On paper—which is where it began as a short story by George Saunders—Spiderhead positions itself as a heady film in which a simple premise explodes in the mind with implication. As directed by Joseph Kosinski, we’re asked things like: What if drugs could make us do and feel different things in seconds? And then: what happens to free will as a result? Potentially far-out stuff. In the parlance of our times, though, the film only manages to be mid.

Housed on an island compound of impressive design, Steve Abnesti (Chris Hemsworth) oversees a curious prisoner program. In exchange for relative comfort during their reduced sentences, inmates like Jeff (Miles Teller) undergo experimental drug treatments with side effects ranging from extreme terror to overt arousal. Steve’s operation has obvious (if shady) commercial applications, but still, it seems like a fair deal—and his playlists feature heaps of smooth Hall & Oates-type jams, so why not just roll with it? As adapted and expanded by writers Rhett Reese and Paul Wernick, complications ensue; in part, because Jeff falls for fellow inmate Lizzy (Jurnee Smollett), but mostly because even despite Steve’s jocularity, the moral equations of his entire project stop adding up. To Kosinksi’s credit, his film slides easily through its exposition while generating the requisite sense of dread for his film’s second-half twists.

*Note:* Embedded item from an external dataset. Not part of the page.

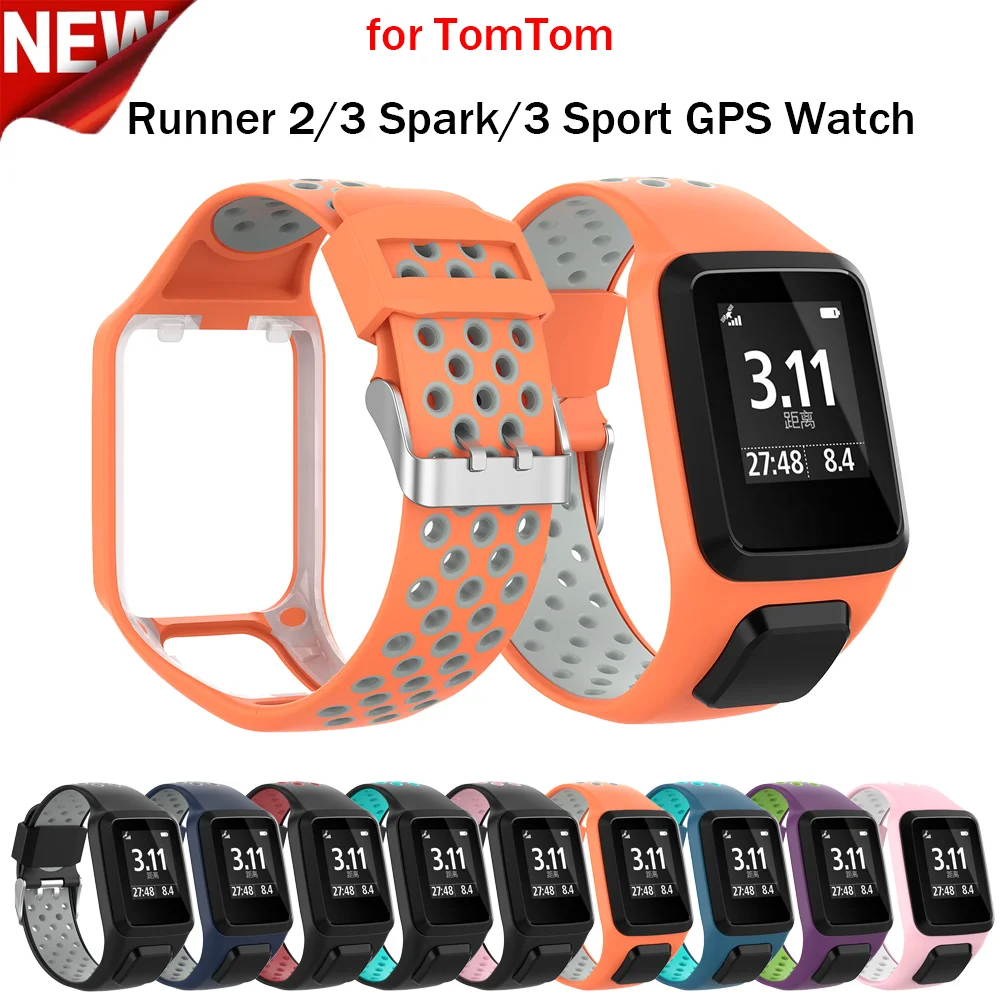 

Sport Watch Band Strap For Tomtom Runner 3/2 Smart Bracelet Silicone Wriststrap For Tomtom Adventurer/Golfer 2/Spark/3 Music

That slickness, however, is both feature and bug. And just as Hemsworth’s performance as a “progressive” tech boss is as surprising as it is near-perfect, it too draws attention to how basic many of the film’s other narrative and thematic elements turn out to be.

On that note, it’s funny that the delicate hi-tech drug intake devices fitted to most of Spiderhead‘s characters are installed at the base of their backs. For all the attention to detail in its broader production, to say nothing of its potent star power in front of and behind the camera, those gadgets provide a neat summary of the film: for most everyone involved, its complicated inner workings remain just out of reach.